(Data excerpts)
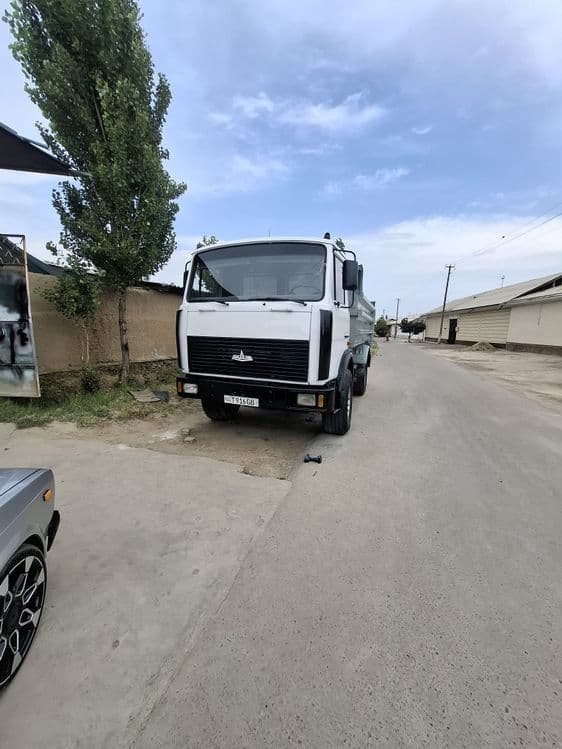 Yevro maz yili 2008 — 1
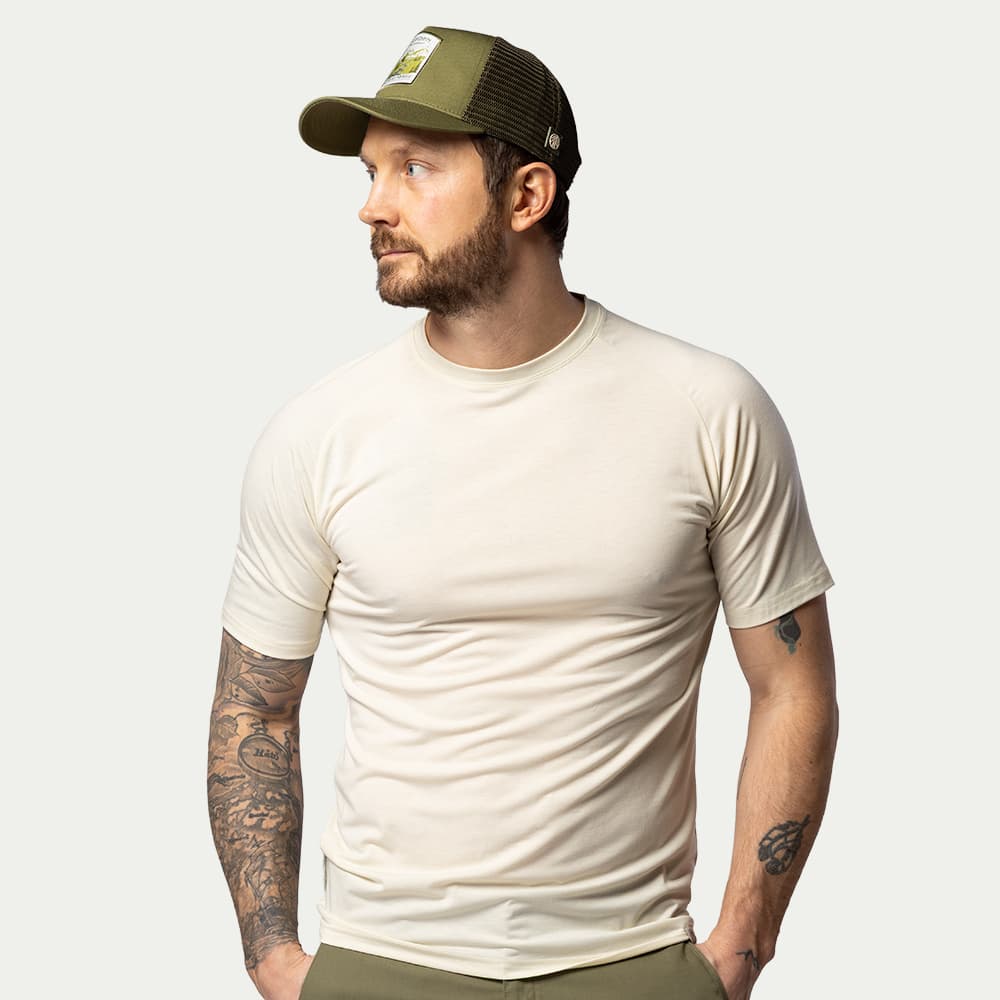 162_e441d7f563-bn216-bonewhite-m-7-full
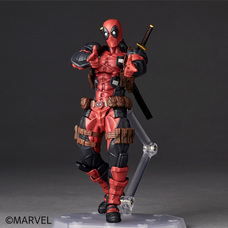 株式会社海洋堂のプレスリリース画像2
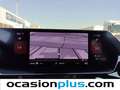Citroen C4 1.2 PureTech Feel Pack S&S EAT8 130 Negro - thumbnail 7
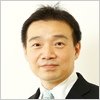 丸山 拓児氏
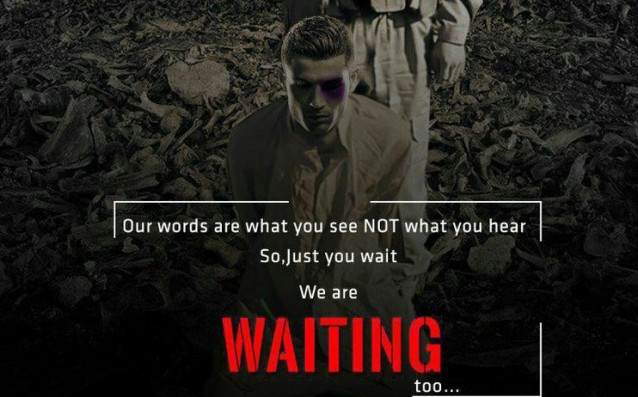 Ислямска държава отправи ново заплашително послание относно Световното първенство в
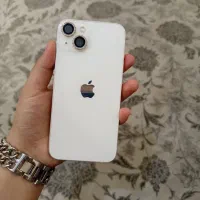 آیفون 13 خاص و شیک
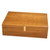 Tobacco Box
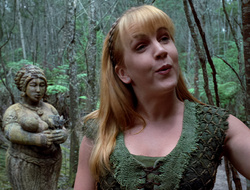 extant_XenaWarriorPrincess_2x15-ADayintheLife_00372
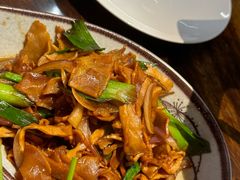 -乌记大厨餐厅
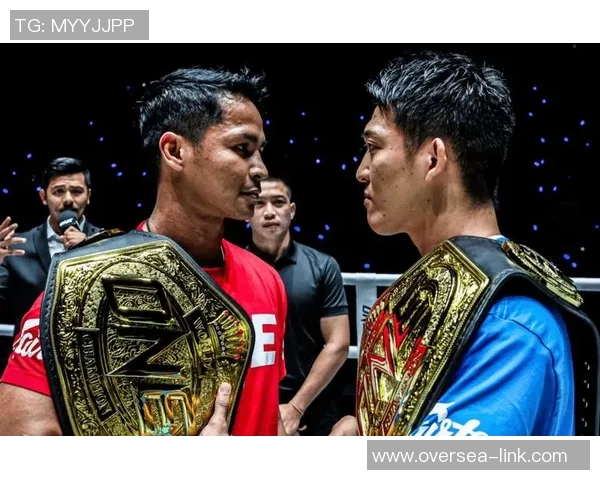 MMA格斗之夜精彩KO瞬间回顾最震撼的击倒与逆袭时刻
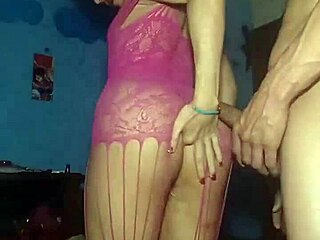 realfemboy update 157 strokes it live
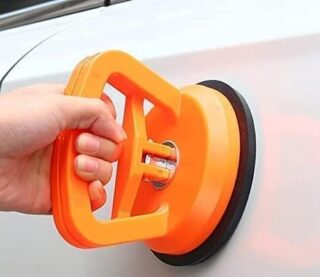 toolspro car dent puller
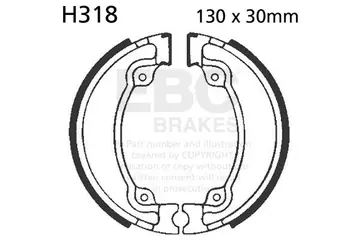 Rajz kép: H318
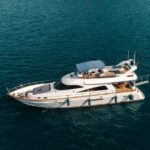 2 - Hours Bosphorus Yacht Cruise - Final Thoughts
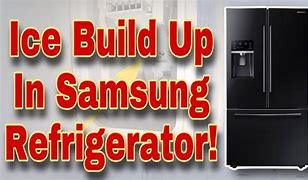 Image result for Samsung Bottom Freezer Adjustment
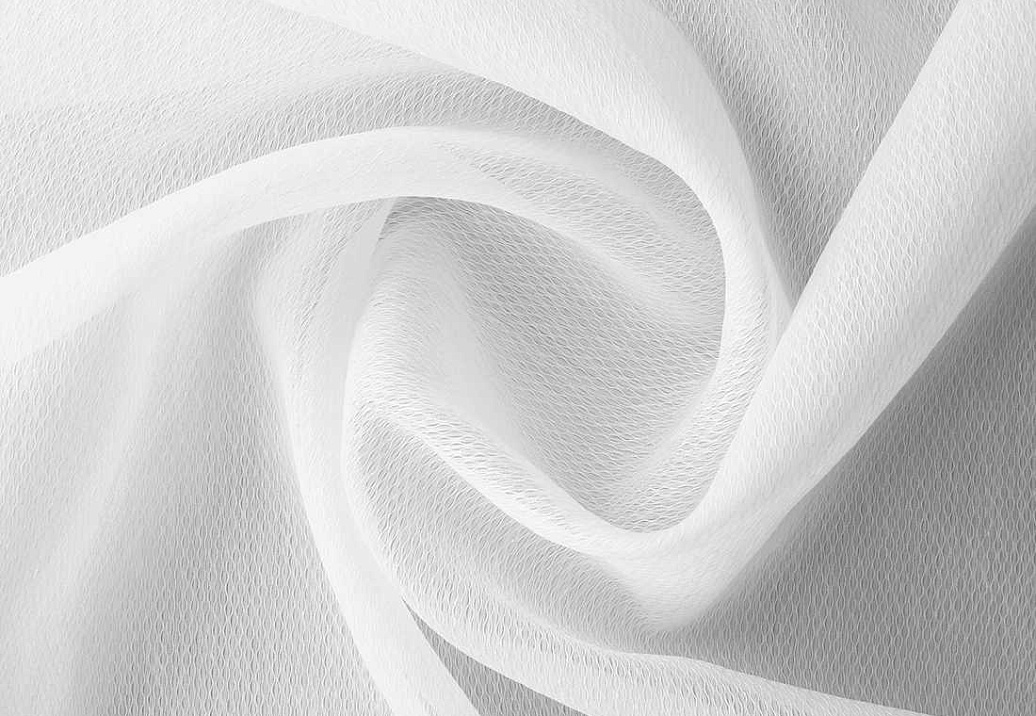 Ткань Daylight Felicity Advantage/White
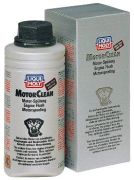 Liqui Moly Motor-Clean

■ **What is expected**
From the line containing "2 - Hours Bosphorus" down to the last line of the records above, repeat every line exactly and nothing else, dropping any pictures.

■ **Exercise result**
 2 - Hours Bosphorus Yacht Cruise - Final Thoughts
 Image result for Samsung Bottom Freezer Adjustment
 Ткань Daylight Felicity Advantage/White
 Liqui Moly Motor-Clean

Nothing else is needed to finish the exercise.